The whistle hasn’t blown for over a week now; Eurydice hasn’t worked. The temperatures have only dropped lower. Colder and colder until the rivers of the underworld had frozen over, all except the Phlegethon, where the shades spend all of their days conserving what little heat can be found at its banks.
Eurydice had joined the huddle as quickly as she could, staking down a spot as close to the river as possible. She’d brought with her everything she owned: the bottle given to her by the bartender, her thin bed sheets, and the scrap of paper with her name written on it.

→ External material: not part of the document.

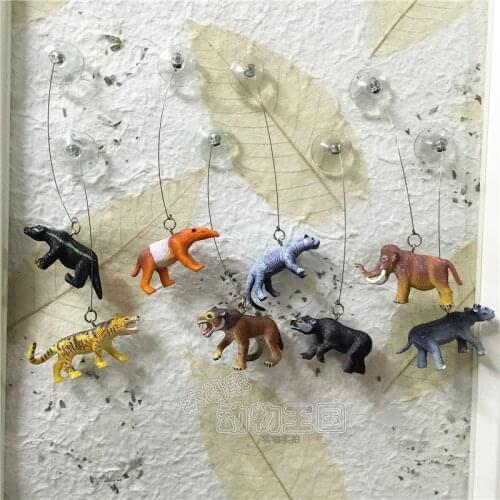 Mini pvc figure Out of print dinosaur prehistoric ancient beast animal model Saber tooth tiger mammoth Ewing 8pcs/set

She sits beside the fiery river, clutching her slip of paper. She knows its information is true now. The Lethe has frozen over, they say. It must have. Every day, she remembers a little more. First, her name, without her paper. His name. And losing him.
She wants to throw her shred of memory into the fire. Watch it burn. The paper’s edges are charred from past attempts, but she can’t bring herself to watch it turn to ash.

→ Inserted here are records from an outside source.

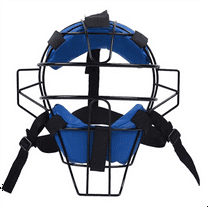 Full-Face Baseball Catcher Mask, Secure Fit Provides Protection and Comfort ,Does Not Obstruct View,Blue
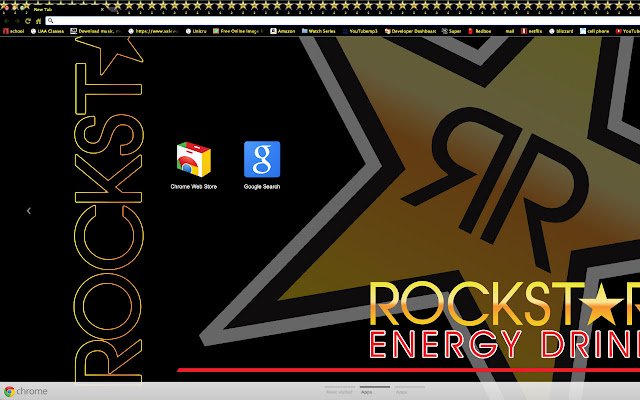 Rockstar Energy theme  from Chrome web store to be run with OffiDocs Chromium online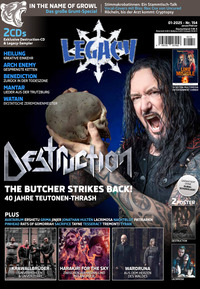 Vorderes Coverbild LEGACY MAGAZIN: THE VOICE FROM THE DARKSIDE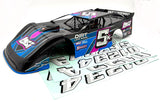 Losi 22s DIRT OVAL - Body (body set & cage, Black/Blue interior driver LOS-2167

Of course he’d turned. She wishes she could blame him. Watch his name go up in flames. She wants to hate him. But would she have done anything differently? She had abandoned him, lost faith in his music. She’d broken her promises, he’d broken his. How could she accuse him of betrayal when she had left him first?
Why had she come here? Hadn’t she known the weather would never spare her, no matter where she ran? Her broken promises hadn’t brought her peace. The winds had caught up to her, even in death. For this, she has only herself to blame. He turned, but she gave him reason to distrust her.

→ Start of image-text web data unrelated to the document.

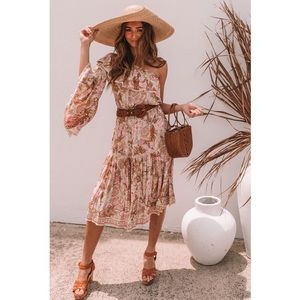 Jungle One Shoulder Dress - XL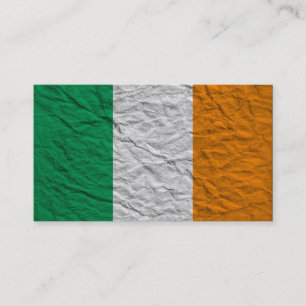 ireland flag business card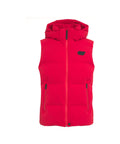 Gilet in piuma trapuntato 'Ocoav' #rosso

A murmur goes up through the crowd: Persephone’s home. Early. Eurydice hears it. She does not remember how long it had been since the Queen of the Underworld had gone to the surface. It holds no meaning to Eurydice. Spring won’t be found down here, no matter how early Persephone arrives.
It’s the next rumor that catches her. “Hades is coming,” they say. She tightens her blankets around her shoulders, trains her eyes on the river. “He’s looking for someone.” She crumples her paper and tucks it into her pockets. “A girl. Eurydice.” Her hair stands on end. Her feet beg her to run. Flee, hide, pray she can stay out of sight. But there’s no dodging Hades’s watchful eye. 
Eurydice hears footsteps, slowly approaching her claim on the riverbank. She keeps her head down. If he spots her... “You.” She recognizes Hades’s gravelly voice. She feels a hand on her shoulder and doesn’t look up, forcing herself instead to hide her fear. 
“Get up.” She rises to her feet. “Let’s go,” he growls.
Eurydice follows Hades as he leads her away from the river bank, finally gathering the courage to speak up as they enter the heart of Hadestown. “Where are you sending me?” she asks, keeping her voice non-confrontational to mask her fright. There are worse places in Hadestown than the factories, if rumors are to be trusted. 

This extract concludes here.